* What the exercise asks: When you restate the data, keep every word as it is and drop the images.

* Information supplied:
== Segment start ==

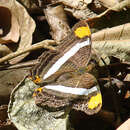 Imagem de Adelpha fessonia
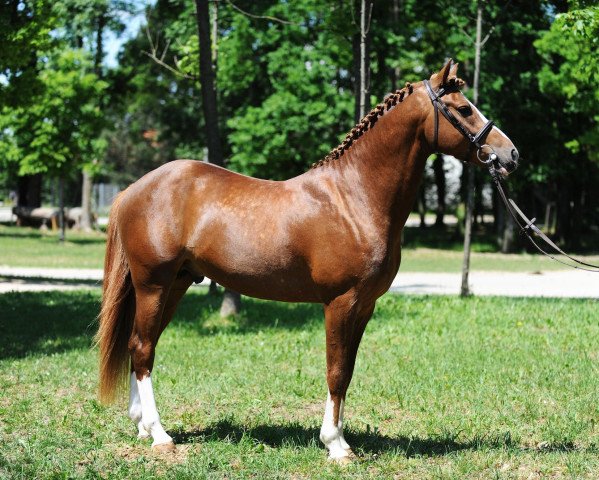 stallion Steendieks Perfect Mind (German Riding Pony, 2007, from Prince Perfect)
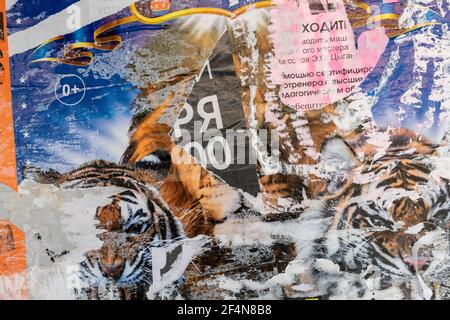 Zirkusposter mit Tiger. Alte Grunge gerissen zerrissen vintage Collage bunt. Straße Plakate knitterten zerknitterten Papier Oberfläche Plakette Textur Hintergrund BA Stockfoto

== Segment end ==

* Task result:
 Imagem de Adelpha fessonia
 stallion Steendieks Perfect Mind (German Riding Pony, 2007, from Prince Perfect)
 Zirkusposter mit Tiger. Alte Grunge gerissen zerrissen vintage Collage bunt. Straße Plakate knitterten zerknitterten Papier Oberfläche Plakette Textur Hintergrund BA Stockfoto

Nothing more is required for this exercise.